Wednesday, July 04, 2012

The Adequate Spider-Man

I wanted it to be Amazing, I really did.  Overall though, the best I can give it is a B.  Some spoilers may follow, so proceed at your own risk.

First the good -  Andrew Garfield is a great Peter Parker.  He makes the character likable and believable, even when the script fed him some unbelievable dialogue.

Along those same lines, Emma Stone was a wonderful Gwen Stacey.  They did not give her character a lot of depth, but she was charming and had good chemistry and interaction with Garfield.

The character of Spider-man was well done.  They captured the tone of the comics, particularly with some of the acrobatic and web slinging visuals.

The bad - Where to start?  By the time I finish this portion, I may feel the need to lower the movie to a C.

I think the primary thing that annoyed me in the movie was its inconsistency.  Going into a comic movie, the viewer is prepared to suspend their belief.  However, though the audience may give the movie makers grace to create new rules for their reality, the audience wants those rules adhered to once they have been established.  The rules were broken so many times throughout the movie, it became distracting.  There are too many to list, but here are some examples -

  • In one scene, Spider-man uses his Spider sense to dodge bullets fired at point blank range, but in a later scene the Lizard sneaks up on Spider-man and has his tail halfway around Spider-man's neck before being noticed.
  • The movie makers try to create drama by having Dr. Connors hold on as Spider-man dangles over a building's edge... but this is Spider-man, who can stick to walls, he was never in danger of falling.
Martin Sheen and Sally Field simply did not work as Uncle Ben and Aunt May.  I think this was, in large part, the writer's fault.  Sheen's lines were simply goofy at times, and his "responsibility" speech was just corny and awkward.  Field did not create the bond that needs to exist between her and Peter... but again, I don't think the writers gave her much to work with.
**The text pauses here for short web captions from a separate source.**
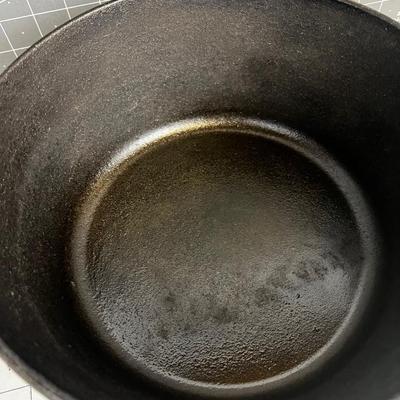 Lodge Cast Iron Dutch Oven 10" 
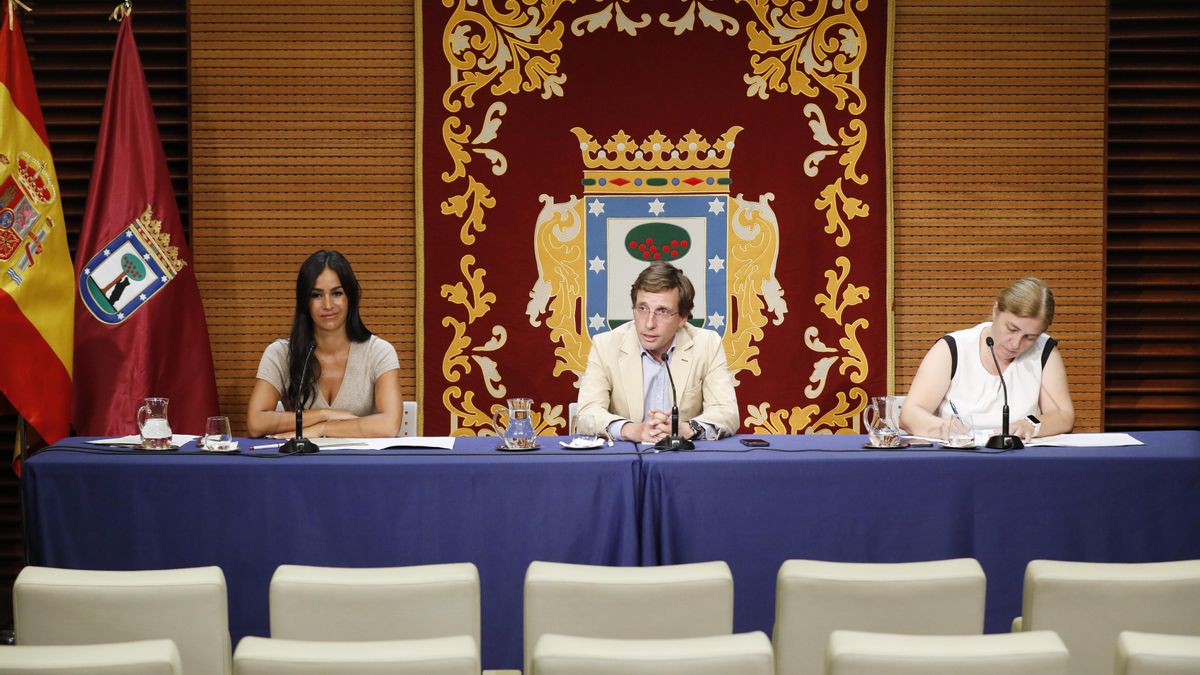 La vicealcaldesa, Begoña Villacís, el alcalde, José Luis Martínez Almeida, y la portavoz, Inmaculada Sanz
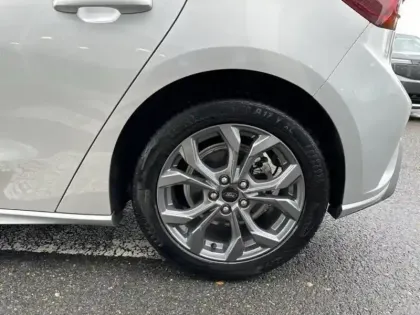 Photo 11 Ford Focus  1.0 Flexifuel mHEV 125ch ST-Line X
In order for a comic movie to work, there must be an engaging bad guy.  You have to enjoy the bad guy as much as you do the title character... perhaps more.  The Lizard provided none of that.  He was flat, 2 dimensional, and entirely forgettable.

After watching the movie, one could not help but feel that there were a few key points in the story that the writer and director had worked out both visually and in terms of story... but they took no care in making those parts segue from one to the other.

Finally, there is a scene where a bunch of construction workers line up their cranes for Spidey to web through the city on, which was overly long and absurd.  Surely every one involved in the movie hated the end result... but because it cost so much to produce, it stayed.

All in all, it was good enough that I hope they pursue a sequel... but a new writer/director combo is a must.